When asked to name their number one fear, most people mention speaking in public.
Stage fright is a condition that affects almost half of the population. Comic Jerry Sienfeld has noted that most people would rather be in the box at a funeral than delivering the eulogy. What is it about public speaking that rattles us so?
Essentially, the problem arises when we become fixated on our imagined version of our audience’s response rather than focusing on what it is we are attempting to convey. These type thoughts tend to be both all-encompassing and dour: They are all going to see how dumb I am, Everyone will know I’m a fool, etc. Once we start having these kind of thoughts we begin looking for evidence in the behavior of our audience that supports them, things like seeing people yawn, hearing them cough, or seeing them shifting in their seats or passing cryptic comments. Having thus confirmed our theory through observing these types of behaviors, we have really opened ourselves to a potentially miserable and haunting experience.
How to combat stage fright? First off, admit to yourself that there is an eight hundred pound gorilla in the room. Nothing good can come from denying the existence of the issue. Being well prepared is always the single best remedy; make sure you have rehearsed your presentation well enough so you could do it almost automatically. Organize your speaking notes well and have a second set handy as a backup. This kind of preparation will give you confidence in knowing your material that will serve as a foundation to success.
Make sure you arrive with plenty of time to spare; you don’t need the additional anxiety of getting caught in traffic or being unable to find a parking space. Check out the venue, the sound system, the lighting, if there is a podium, who will introduce you, etc., so there are no surprises prior to your start. Consider mingling with some of the early arrivals to introduce yourself and establish a link with members of your audience. Determine beforehand what routine works best to calm you: some like a few minutes of quiet meditation, some like pacing around backstage, some prefer making small talk with others, some chew gum, etc. Find out what works best for you and make it part of your routine. Avoid taking drugs or alcohol to relax you; if something does go amiss, you’ll want your full wits about you to manage the situation. Above all, focus on your reason for being there. Consider the value to the audience of the information you’re going to impart. Focus on what you are doing, not on how you are being received.
This is, after all, the heart of the matter. The whole trouble with stage fright or any form of social anxiety for that matter is suppressed exhibitionism. I suspect that inside everyone who dreads speaking in public there’s an exhibitionist wanting to emerge. It is primarily because we are unaware of this impulse that it is the cause of so much trouble. It is mostly because we have failed to accept our impulse to perform in public that causes us to place so much emphasis on how other people are responding to us. Once we become aware of and accept in ourselves the impulse and desire to perform in public, half the battle is over. What remains then is to concentrate on what we are saying, our message, our giving in the moment. We really only get into trouble when we lose this focus and concentration by shifting away from the goal of giving by asking ourselves midway through: How am I going over? Do they like me? Am I a success? It’s ok to speculate on the answers to these questions, but wait until you’re finished with your presentation before so indulging yourself. It will all work out so much better if you employ this type of discipline.
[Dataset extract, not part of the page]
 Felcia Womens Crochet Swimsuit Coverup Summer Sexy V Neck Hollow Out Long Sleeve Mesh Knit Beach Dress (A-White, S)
Make eye contact with individuals in the audience. Avoid falling into a monotone delivery or clutching the podium for dear life. Be animated in word and gesture. The audience is essentially sympathetic: they want to have a rewarding experience and want you to succeed. They will support you as long as you are willing to support yourself. Should you commit a slip, just shake it off and get immediately back on track with your program: the more energy you give to a slip, the more distracted you will become and the more likely you are to err again.
Engage with the audience by asking questions and involving them. This helps establish rapport and makes your presentation more of a conversation, an interaction between people rather than a one-sided monologue. Open with a joke; that usually helps break the ice and puts people at ease.
Our nervousness does not convey to the audience anywhere near as much as we think it does. Many people, nervous throughout the entire length of their presentation, come to understand afterward when speaking with audience members that their nervousness didn’t show at all. It is one of those phenomena that take place much more in our heads than in the experience of others.
If you first make sure that you are well prepared, you may find that you actually can come to enjoy public speaking. A roller coaster ride is fun because we expect it to be fun; scary movies are fun because we enjoy being frightened; speaking in public is dreadful only when we expect it to be dreadful. If we expect it to be fun and combine this expectation with the diligent effort of being well prepared, it will be fun. A little scary perhaps, but certainly exciting, especially in that the process helps us reclaim a bit of ourselves that we didn’t know previously we even had.